Environmentalists Oppose Tying Broadband Expansion To Toll Roads
A project tying toll roads to a broadband expansion has made some mad because they say there’s no need for additional roadways. Opponents believe the expansion can happen without road construction. But the Florida Department of Transportation Chief Engineer Will Watts believes it’s best to combine the two.
“First transportation right away can be a location for broadband, conduit, fiber, or other wireless systems reducing the costs for taxpayers. This can be particularly useful for helping building out the middle of the mile systems,” Watts said. “Secondly we can coordinate highway construction with broadband installation.”
Watts spoke about the issue during a Wednesday meeting on the toll road expansion plans. The plan to build the roads was signed into law in 2019. The roads were sold as a way to create more evacuation routes and help transport Florida’s growing population.

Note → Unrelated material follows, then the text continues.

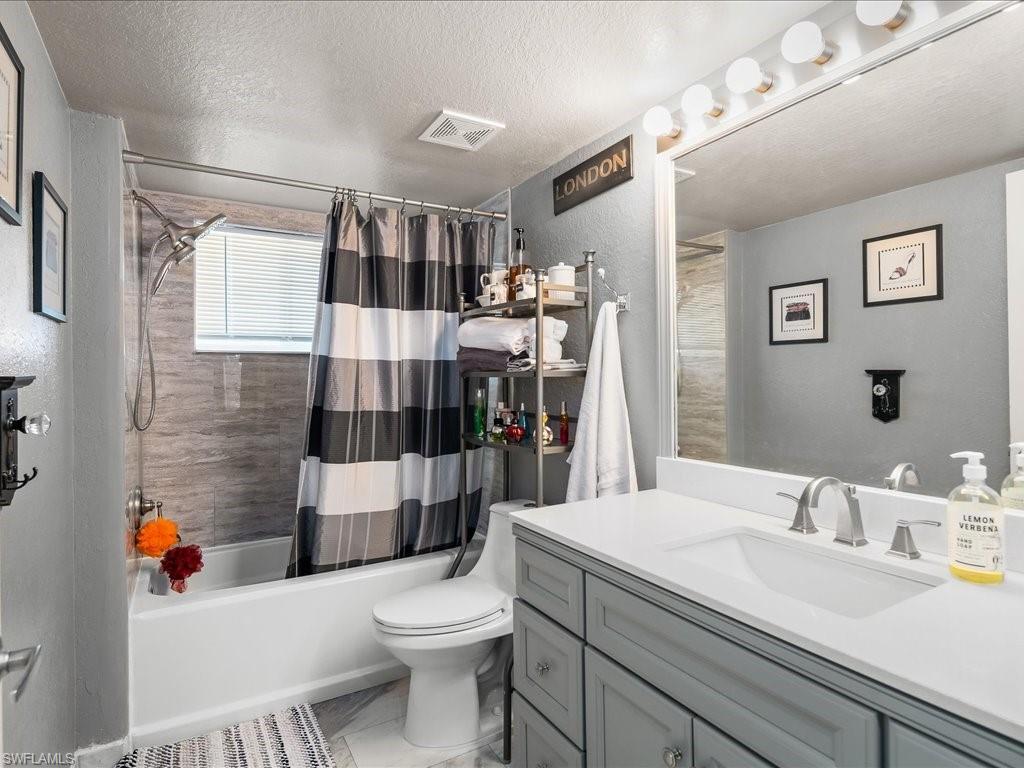 KEY ROYAL CONDOMINIUMS - Residential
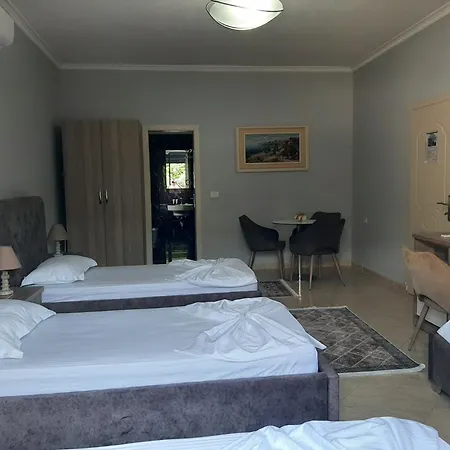 Arbri Hotel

Environmentalist group, The Sierra Club of Florida, claims the construction and new roads will cause harm to rural environments. They believe building three new toll roads is unnecessary, especially if the reason is to expand broadband access. Michael McGrath with Sierra Club says it’d be a lot cheaper to just focus on broadband.
“The lower estimate for how much that would cost would be around 110 million dollars or so, and the upper estimate will be around 209 million dollars for deploying broadband access to all those county areas,” McGrath said. “And that’s using the existing infrastructure that you already have within the state of Florida for our roads and whatnot.”
The new toll road project is expected to cost more than 10 billion dollars. McGrath says not only does it save money to focus solely on broadband expansion, but it also saves the ecosystems of small communities that the new roads would travel through.